Given records ::
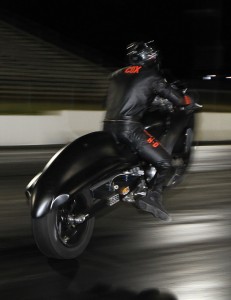 640D_Cox_MIRapril13_#122288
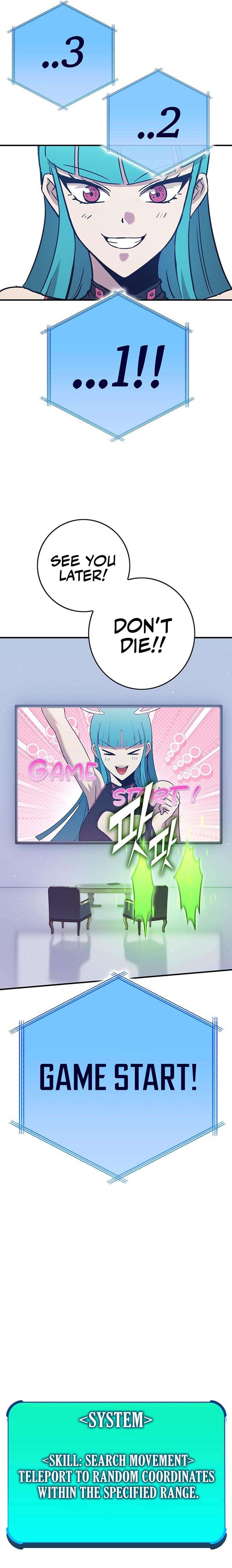 Page 30 of Chapter 344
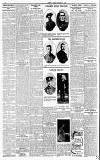 Cambridge Independent Press Friday 03 November 1916 Page 5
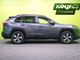 Toyota RAV4 Plug-In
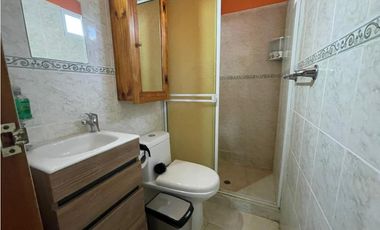 Casa en venta cerca de la playa – Villas de Gaira, Santa Marta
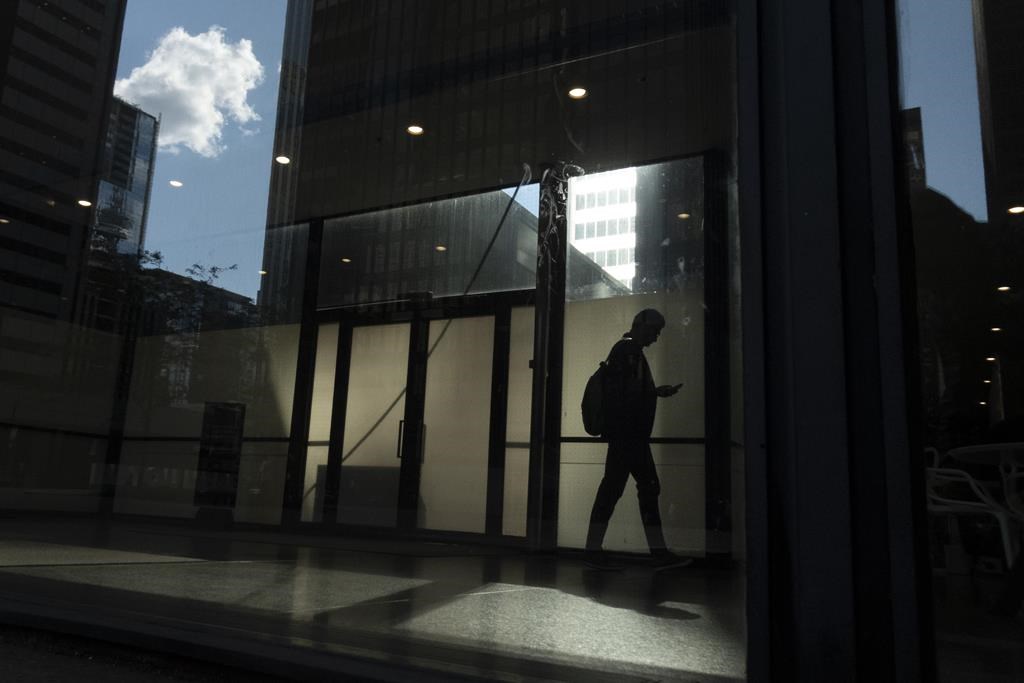 CNESST: ajout de 18 conseillers voués à la santé psychologique au travail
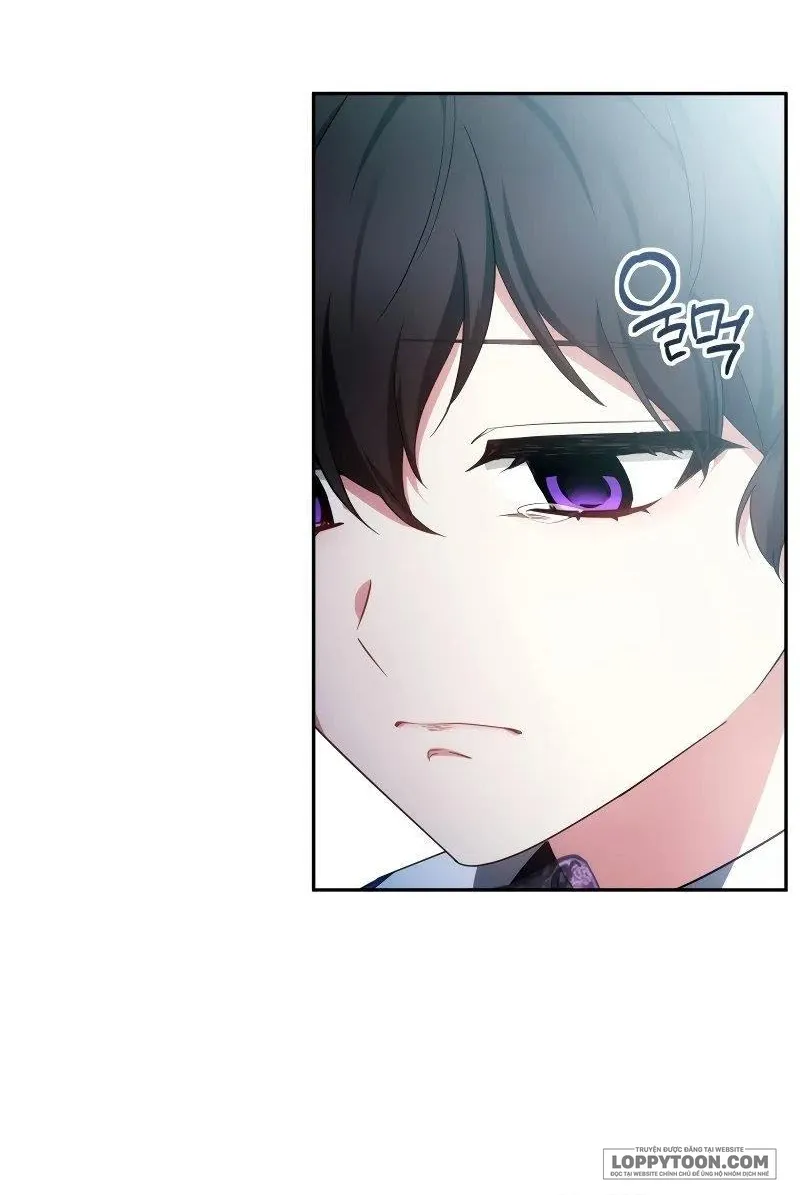 Rồng Con Thuần Hóa Những Kẻ Điên Rồ - Chap 43 - Trang 16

The problem ::
With the pictures left out, give again exactly the lines from the one with "Cambridge Independent Press Friday" through the end of the data, both included.

Task answer ::
 Cambridge Independent Press Friday 03 November 1916 Page 5
 Toyota RAV4 Plug-In
 Casa en venta cerca de la playa – Villas de Gaira, Santa Marta
 CNESST: ajout de 18 conseillers voués à la santé psychologique au travail
 Rồng Con Thuần Hóa Những Kẻ Điên Rồ - Chap 43 - Trang 16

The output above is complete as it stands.